Hmm. I wasn't aware compiler's were able to do whatever they wanted for signed integer overflows. Thanks for teaching me something today.

It still seems broken, however, for it to do different things when you have a different starting condition(0 vs 0x7ffe). Undefined behavior tends to mean undefined from compiler to compiler...not undefined within the same compiler!

You know...I did have optimization turned off when I tried using IAR Workbench. I wonder if it would loop forever if I turned it on.

BigBobby: It still seems broken, however, for it to do different things when you have a different starting condition(0 vs 0x7ffe). Undefined behavior tends to mean undefined from compiler to compiler...not undefined within the same compiler!

You know...I did have optimization turned off when I tried using IAR Workbench. I wonder if it would loop forever if I turned it on.
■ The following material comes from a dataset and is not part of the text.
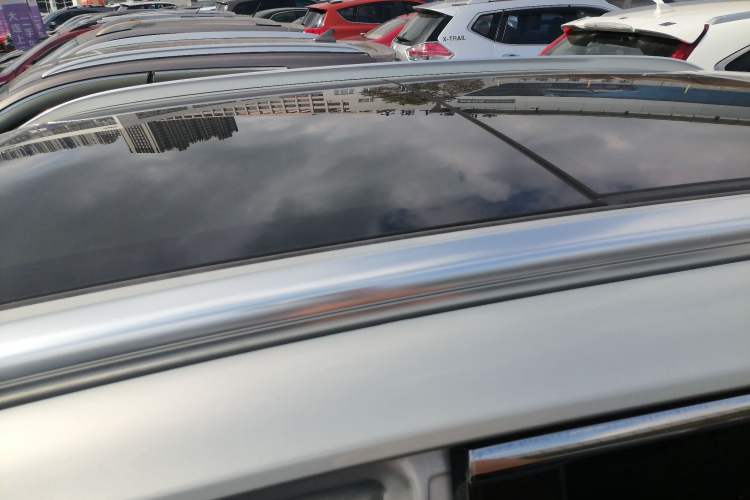 Used Hongqi HS5 2022 2.0T Smart Connect Flagship All-Wheel-Drive Version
It follows nearly exactly the Wiki example (it wasn't devised to reproduce it, I swear - I just remembered I have read something like that not so long ago - just lucky). If the starting value is negative the compiler sees it doesn't meet the for condition and removes the whole loop. If it is 0 at start the compiler thinks it can never become negative so it removes the condition check and makes infinite loop. I guess it would work if the initial value were unknown at time of compilation even without the volatile keyword:

for (int i = Serial.parseInt(); i>=0; i++) {...}

wouldn't end in infinite loop regardless the starting condition.

But in Arduino v1.6.8 it didn’t enter an infinite loop when started at one positive number (0x7ffe), but it did enter an infinite loop with another (0). That seems inconsistent.

Oh I didn't realize 0x7ffe is positive near overflow - I wrongly assumed it's negative just after overflow :-)

You know, I'm familiar with some top engineering companies that prohibit their FW engineers from using the optimizer for this reason? They basically spend extra money on their micros so that they don't run into these sorts of problems.

Optimizers can really punish you if you don't code perfectly, often in ways that are tough to catch. Also, while compiler bugs are rare, when they are found they're usually in the optimizer.